Modern european cuisine
Berliner Luft, Fatma Shanan
Mon, 18 May 2020 11:00
Berliner Luft, Fatma Shanan
The fourth instalment of our Berliner Luft series presents works from Israeli Druze artist Fatma Shanan Shanan joined the gallery program in 2019 with her solo show titled Yellow Skirt, comprised of a series of figurative-abstract oil paintings. Shanan’s presentation for Berliner Luft, however, features a rarely-seen video work, titled Carpets on a Flat Roof (2017).
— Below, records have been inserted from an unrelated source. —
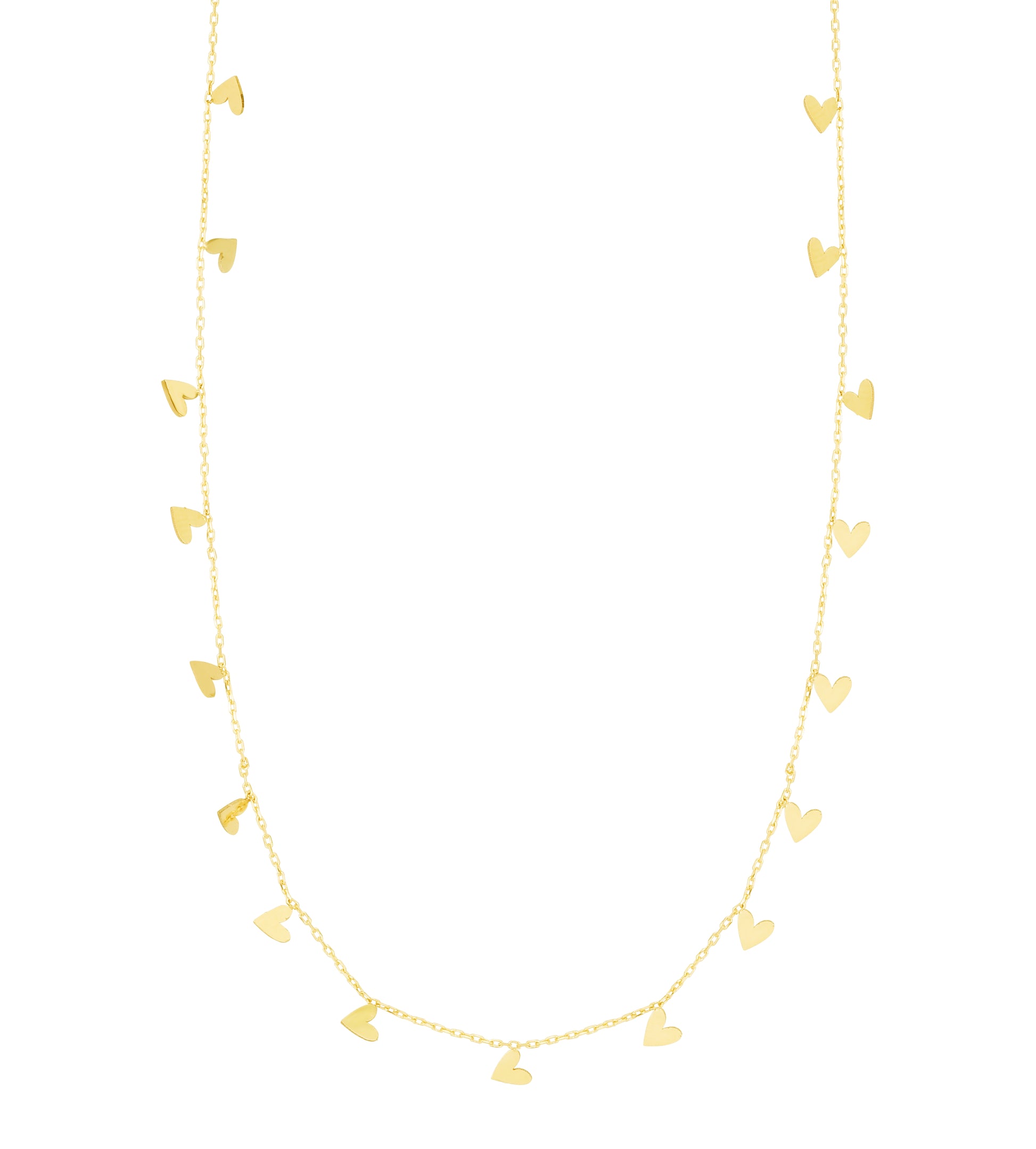 Royal Chain 14K Gold Dangling Hearts Necklace RC12666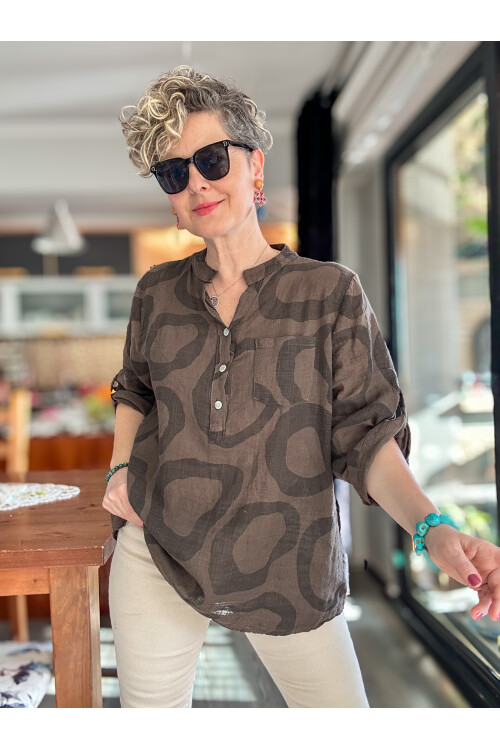 Libro Batik Daire Desen İtalyan Gömlek Kahverengi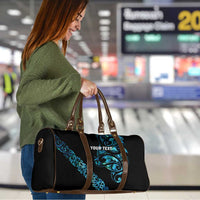 All Black Maori Tribal Tattoo Personalised Travel Bag Polynesian Style LT9 - Polynesian Pride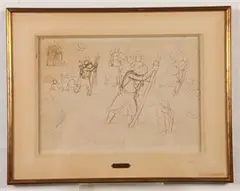 Edgar Degas, Studies for a Saint Christopher Carrying Christ and the artist's hand, circa 1860, Ink and graphite on paper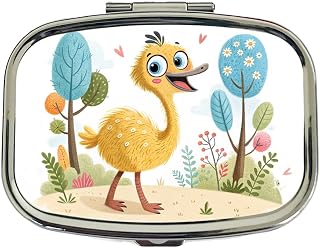 Emu Children's Illustration Style Travel Pill Box Case | Small Compact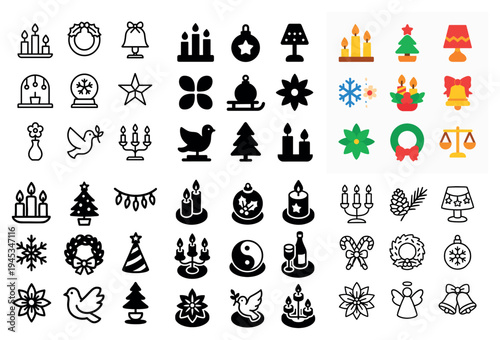 Holiday icons with candle wreath tree festive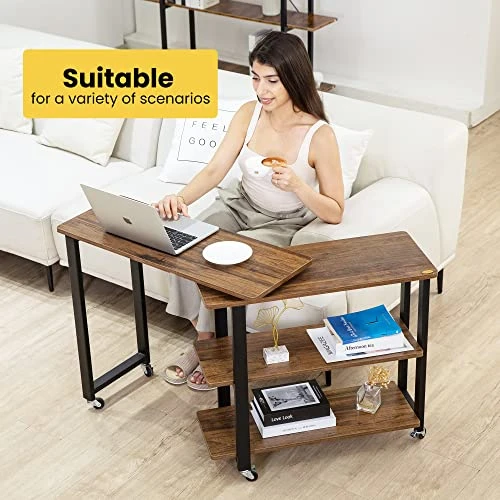 VIVOHOME Sofa Side Table 360° Rotating Mobile End Table Movable Laptop Table With 2 Tiers Storage Shelves 6 Universal Casters For Home Office - Image 3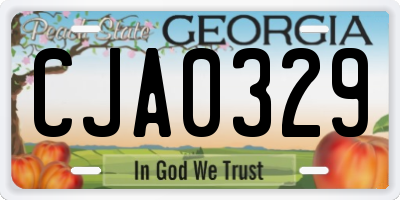 GA license plate CJA0329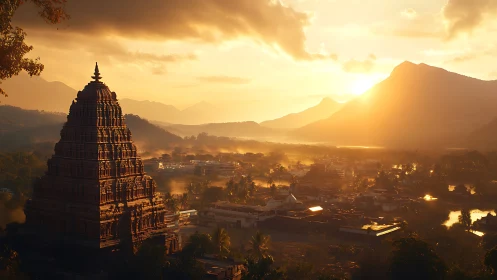 Temple silhouette over valley settlement at low sunset light.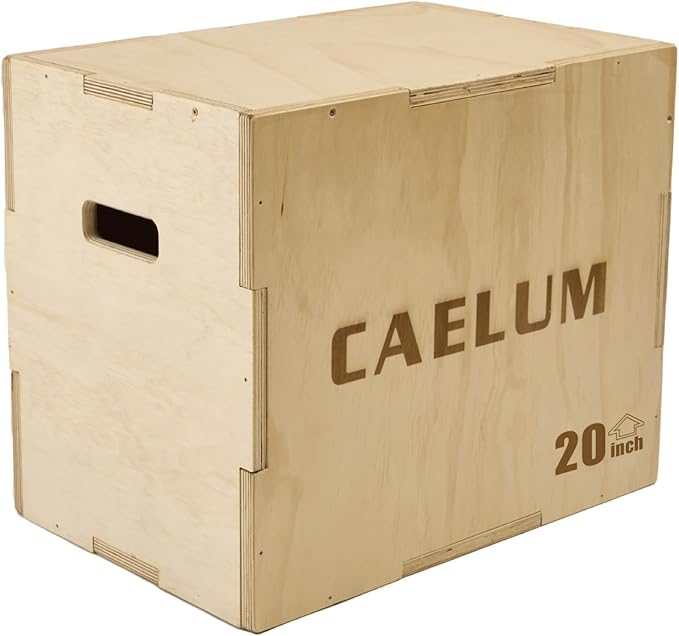 CAELUM 3-in-1 Wood Plyo Box - Non-Slip Plyometric Jump Box for Home & Gym, 400lbs Bearing Fitness Launch Box for Jumping Squats Step-ups Strength Training
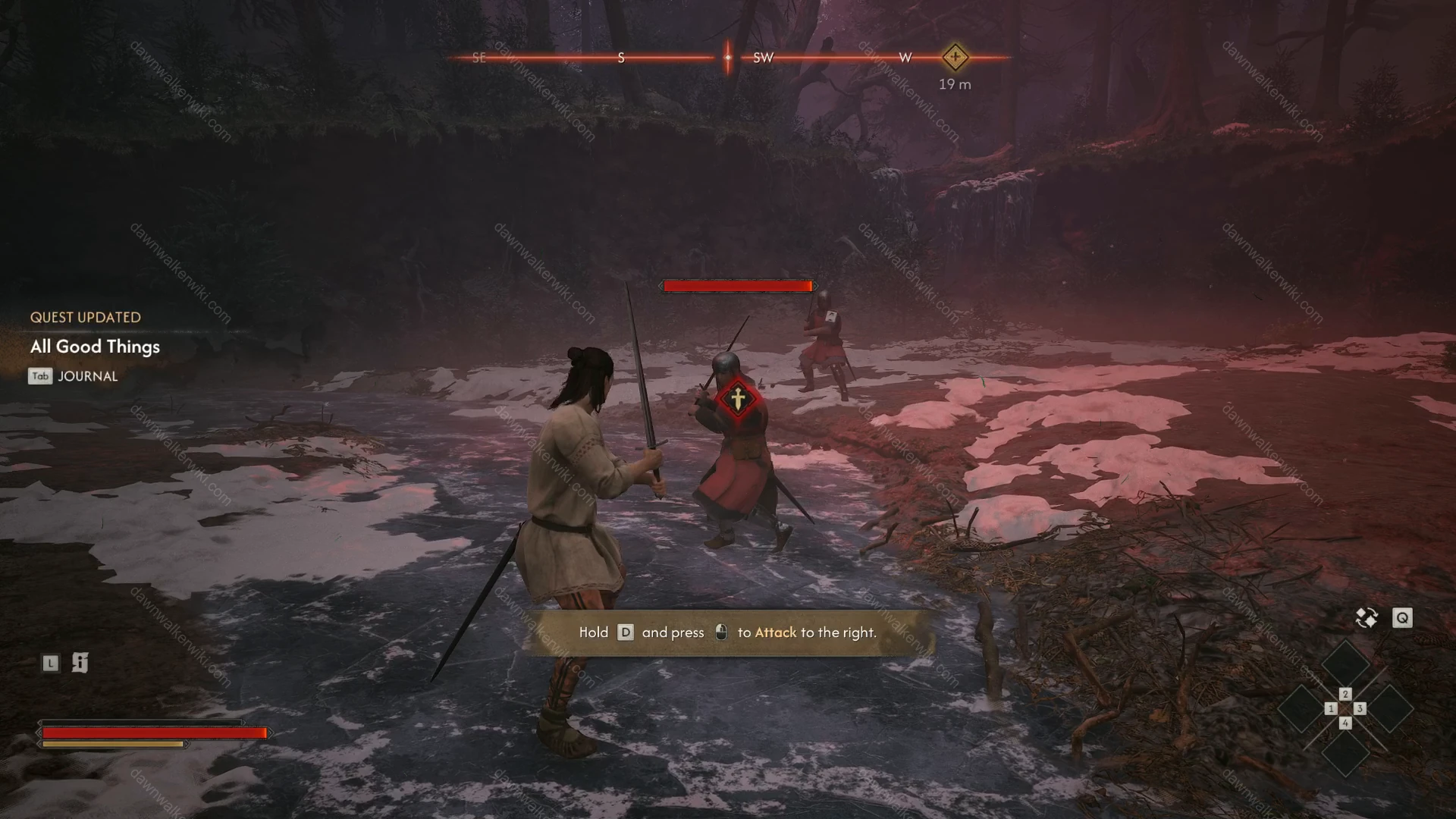 Coen facing tutorial enemies while a prompt says to hold D and click the left mouse button to attack right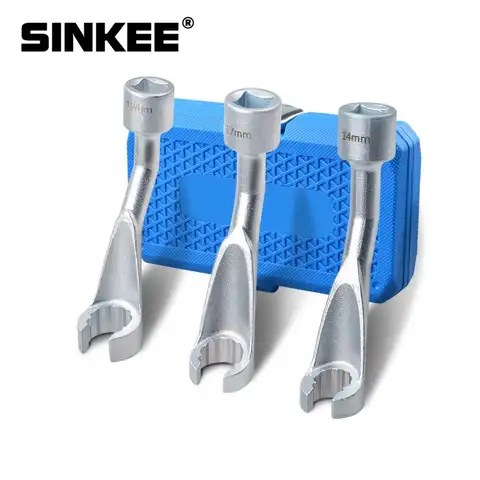 3pc 1/2 Dr 연료 인젝터 라인 인젝션 소켓 세트 14 17 19mm BMW VW 메르세데스 벤츠 오픈 엔드 SK1856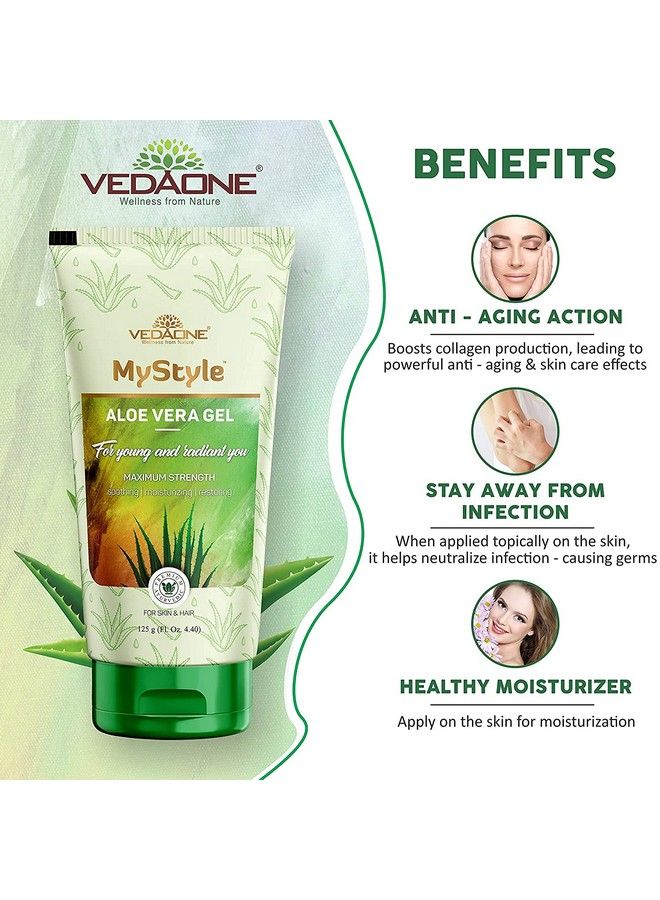 VEDAONE Mystyle Aloe Vera Gel Multipurpose For Body Hair & Skin 125G Pack Of 2 - Image 4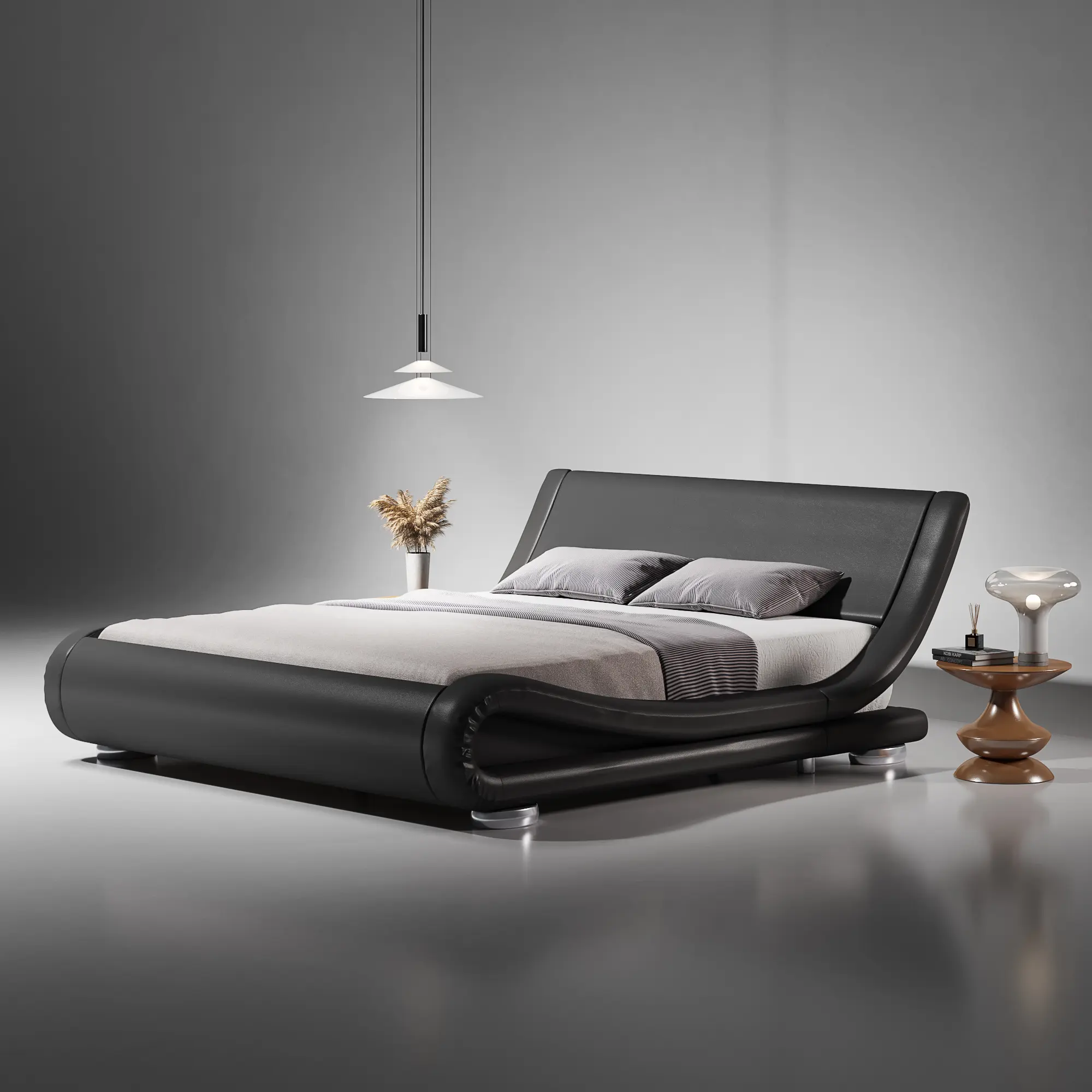 SHA CERLIN Upholstered Sleigh Bed Frame (Frame Only, No Mattress) - Low Profile with Faux Leather Adjustable Curved Upholstered Headboard, No Box Spring Needed, King/Queen Furniture, Summervibes Gift, Adjustable Upholstered Headboard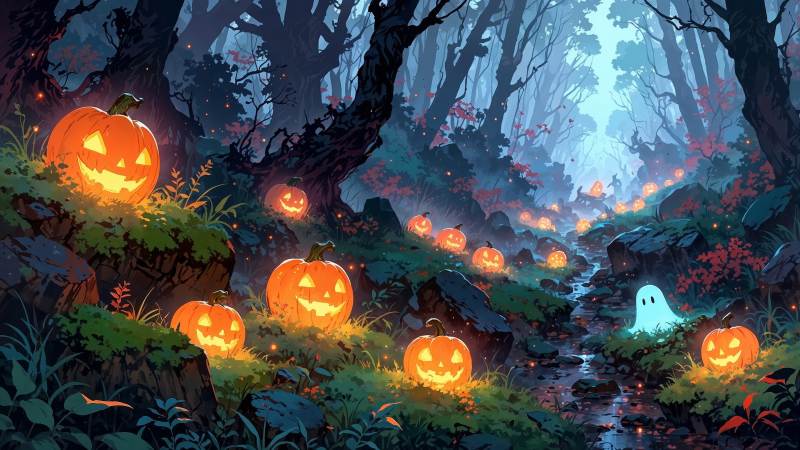 halloween pumpkin wallpaper, spooky decor, pumpkin carving, background for desktop wallpaper (horizontal)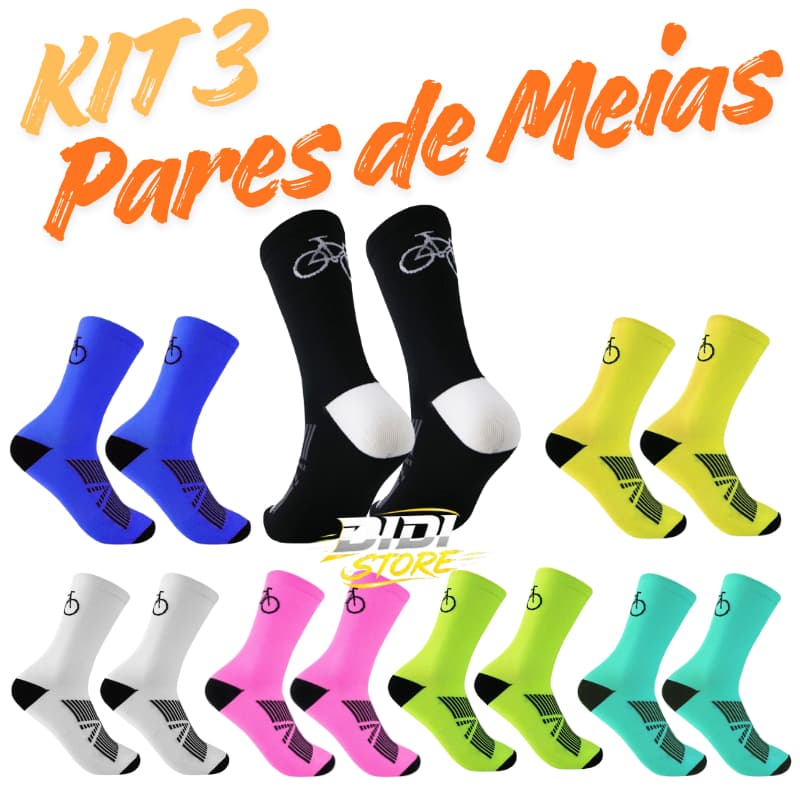 Kit 3 Pares de Meias de Ciclismo Compressão Cano Médio Bike Speed MTB Esportiva Academia Unissex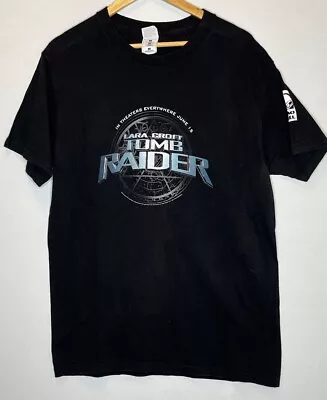 Buy Vintage Lara Croft Tomb Raider Movie Promo T Shirt Paramount Black 2000s Sz M/L • 32.68£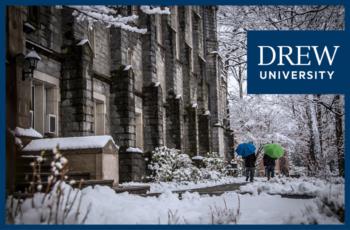 snowy campus scene with 'drew university' logo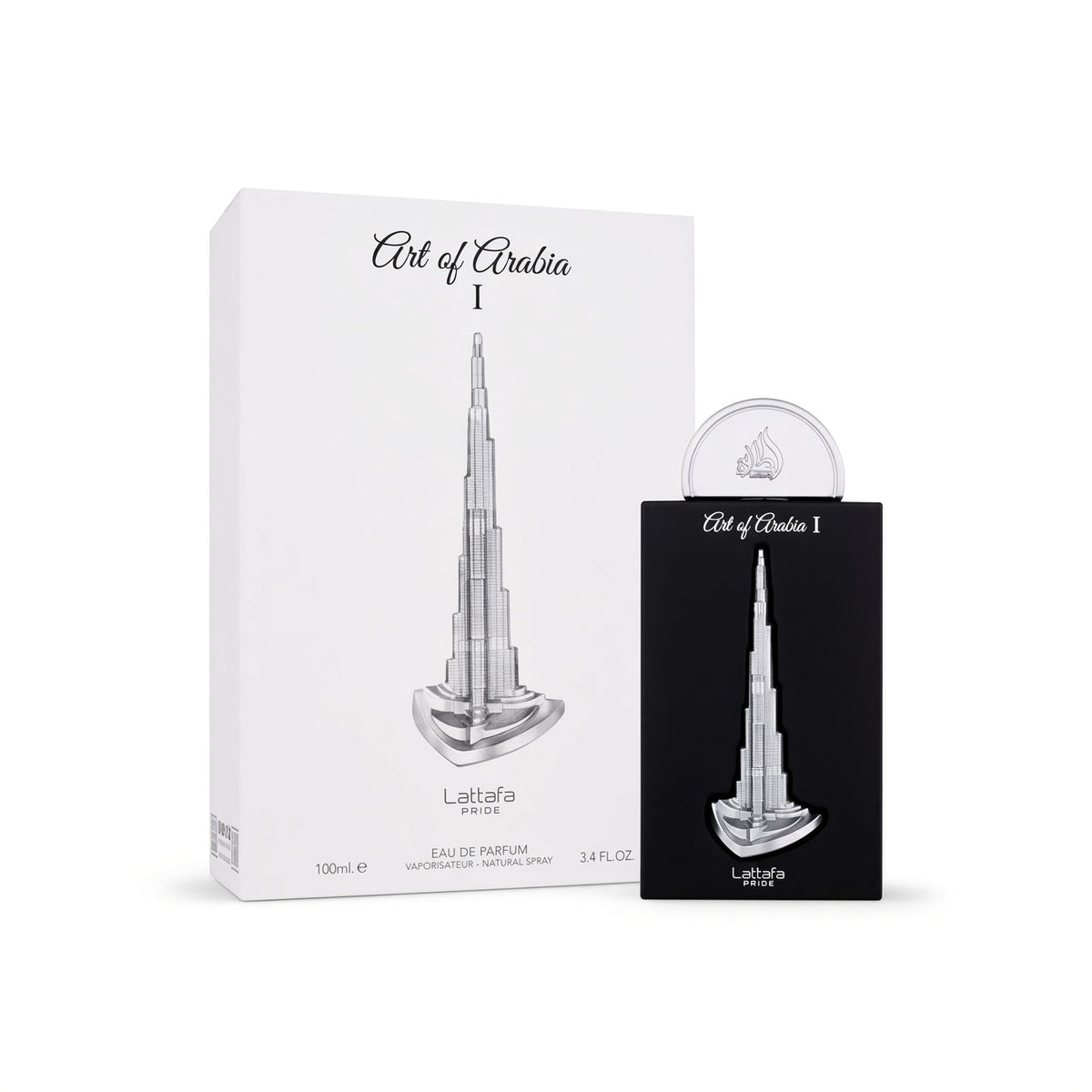 Art of Arabia 1 Laalafa Eau de Parfum shown with its white outer box and a black inner card package holding the perfume bottle, on a clean white background.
Shanan’s work resonates with personal, cultural, and religious memories, referencing the traditions of her Arabic minority group. Carpets on a Flat Roof depicts an aerial view of a performative intervention in her native Julis, a Druze village in northern Israel. In a choreographed act, a group of men and women carry and unroll traditional oriental carpets on the rooftop of her childhood home. The layered rugs, a staple of Druze aesthetics, are displaced from their domestic, indoor space, dramatically transforming the roof into a colorful and unexpected garden of patterns. For Shanan, the carpets represent part of the intimate self, embodying heritage and her unique position within the traditional culture. In Carpets on a Flat Roof, this intimate self is exposed to the open sky in a powerful and vulnerable orchestrated gesture, performed by the community. The video was produced with support from Artis, New York.
Influenced by the nineteenth- and twentieth-century European traditions of realist painting, Shanan strives to deconstruct firm definitions concerning painting as well as gender roles and ethnic identities. In many of her paintings, carpets are positioned in contradiction to, or are integrated with, self-portraits and female figures. In Self-Portrait and a Carpet #4 (2020), the artist herself is seen, blending in with and fading out of an ornate iconography in gold and red. In the earlier work Mother, Child and Necklace (2016), Shanan’s disjointed composition of two figures, patterned shapes, and flattened space mirror the complexity of familiar or communal relationships. Both works are on view for the first time in the gallery, presented alongside the video installation.